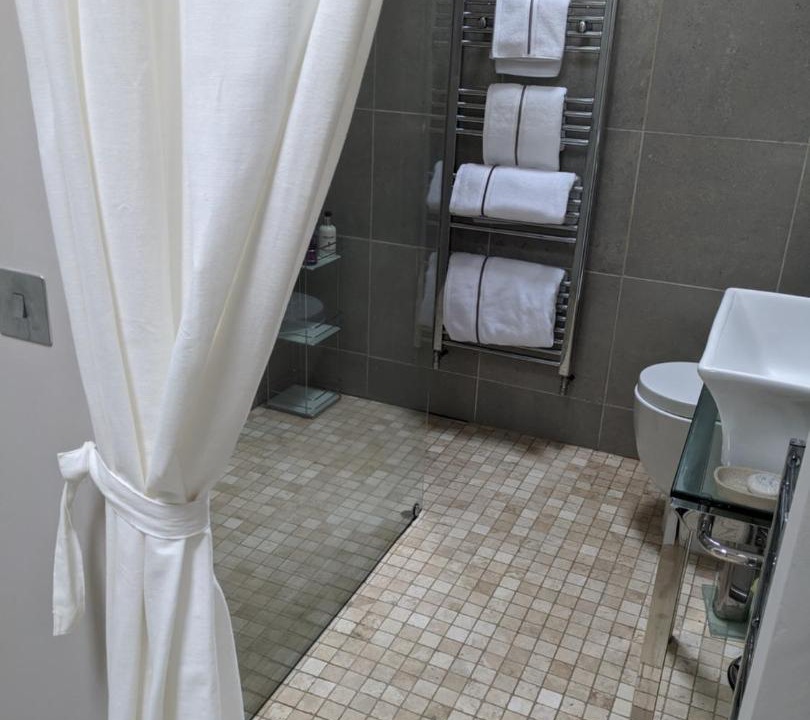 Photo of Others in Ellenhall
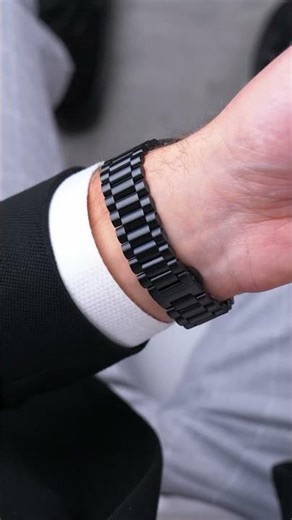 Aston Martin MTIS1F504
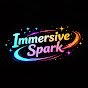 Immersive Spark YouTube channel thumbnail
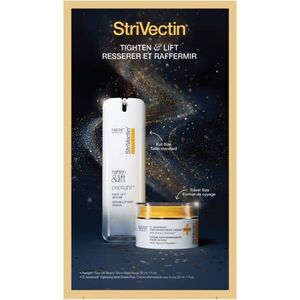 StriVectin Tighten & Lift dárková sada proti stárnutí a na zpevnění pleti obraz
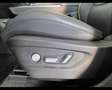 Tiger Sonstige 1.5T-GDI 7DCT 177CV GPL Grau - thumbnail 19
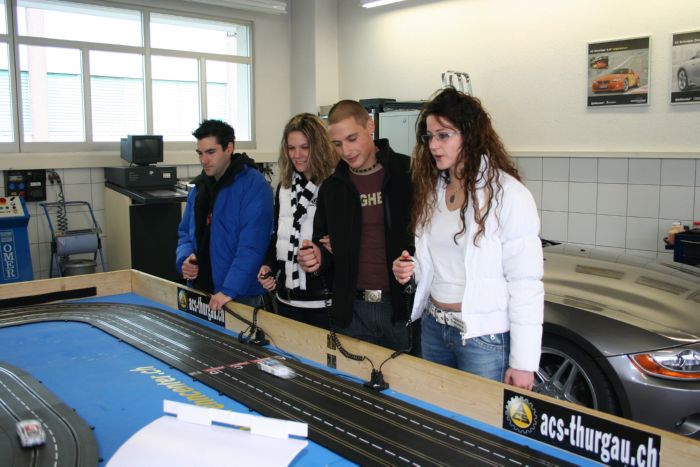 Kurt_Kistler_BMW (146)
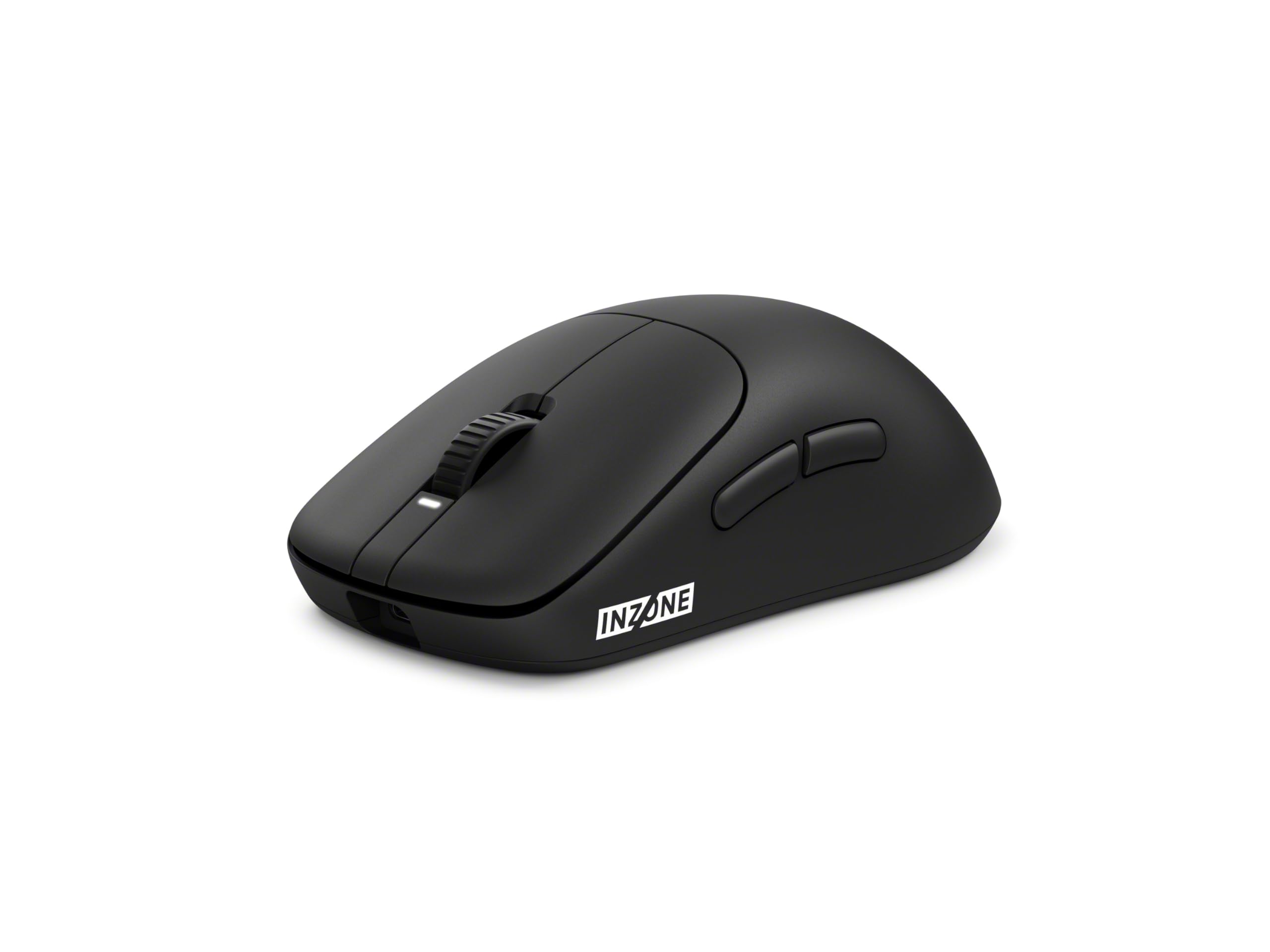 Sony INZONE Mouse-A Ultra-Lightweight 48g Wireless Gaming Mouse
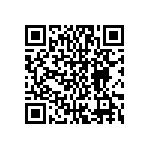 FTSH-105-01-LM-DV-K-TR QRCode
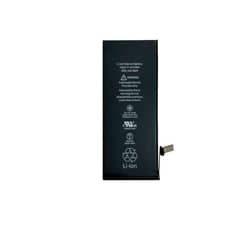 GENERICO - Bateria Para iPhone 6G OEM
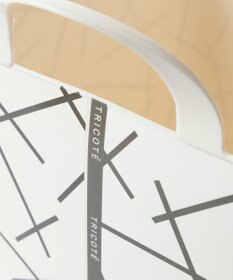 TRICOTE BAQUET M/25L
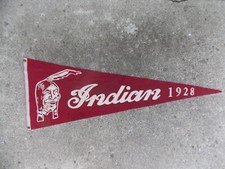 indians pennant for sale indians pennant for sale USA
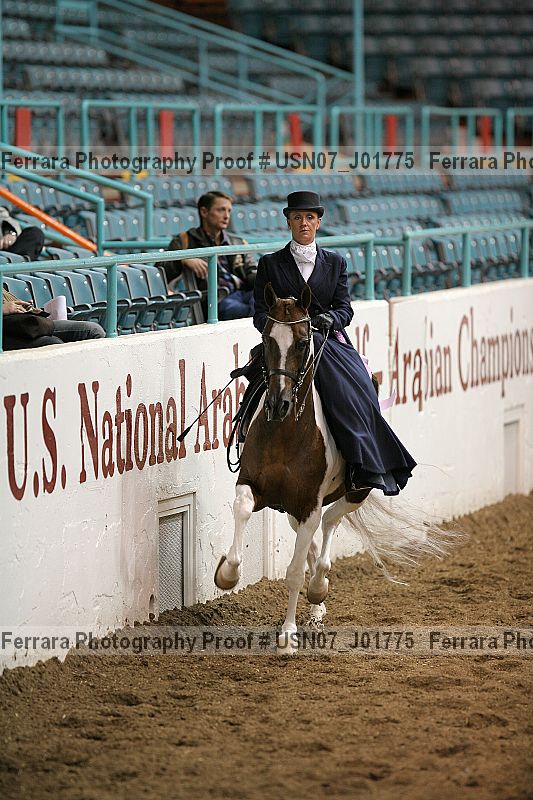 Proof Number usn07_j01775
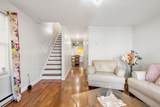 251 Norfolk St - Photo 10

·····

## Requirement
In the listing above, retype exactly, and only, the lines from the one containing "FTSH-105-01-LM-DV-K-TR QRCode" through the last line, both included. Omit the pictures.

## Written response
 FTSH-105-01-LM-DV-K-TR QRCode
 GENERICO - Bateria Para iPhone 6G OEM
 TRICOTE BAQUET M/25L
 indians pennant for sale indians pennant for sale USA
 Proof Number usn07_j01775
 251 Norfolk St - Photo 10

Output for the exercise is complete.